ENTRIES SUPPLIED:

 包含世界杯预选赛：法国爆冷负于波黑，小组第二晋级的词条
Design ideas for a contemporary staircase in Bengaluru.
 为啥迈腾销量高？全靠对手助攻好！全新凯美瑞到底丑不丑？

--

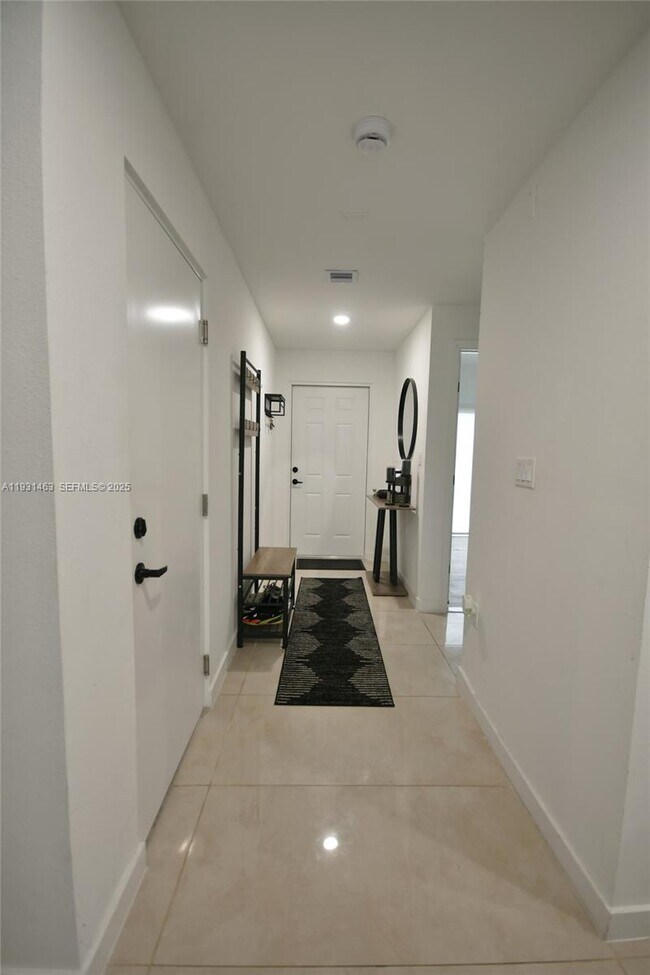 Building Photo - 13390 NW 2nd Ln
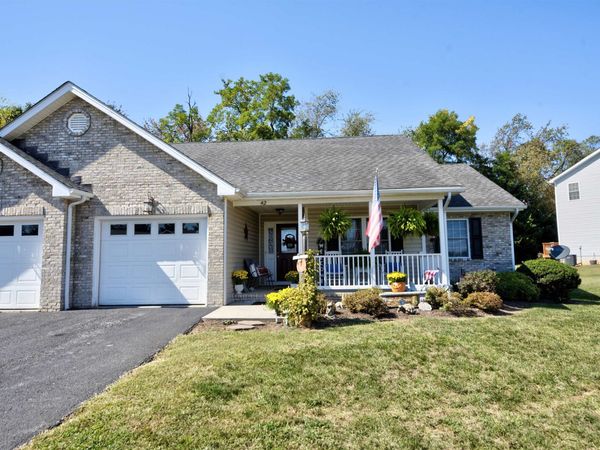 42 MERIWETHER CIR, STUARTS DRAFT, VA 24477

...

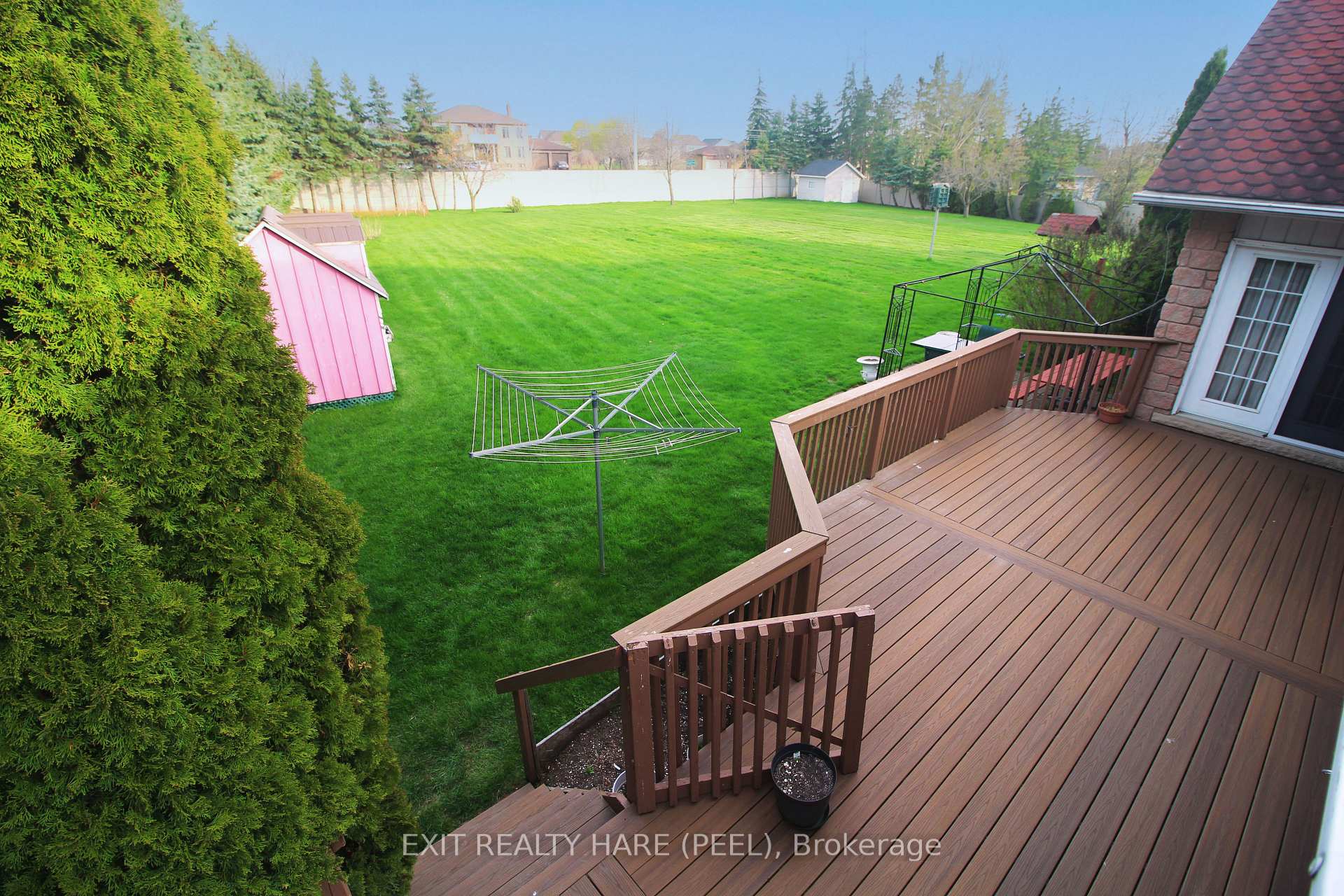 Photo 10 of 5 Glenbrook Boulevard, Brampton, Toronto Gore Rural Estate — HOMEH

WHAT IS BEING ASKED: What you return must be an exact retyping of the lines above starting at the line with "包含世界杯预选赛：法国爆冷负于波黑，小组第二晋级的词条" and ending at the line with "为啥迈腾销量高？全靠对手助攻好！全新凯美瑞到底丑不丑？", and nothing besides.

TASK ANSWER:
 包含世界杯预选赛：法国爆冷负于波黑，小组第二晋级的词条
Design ideas for a contemporary staircase in Bengaluru.
 为啥迈腾销量高？全靠对手助攻好！全新凯美瑞到底丑不丑？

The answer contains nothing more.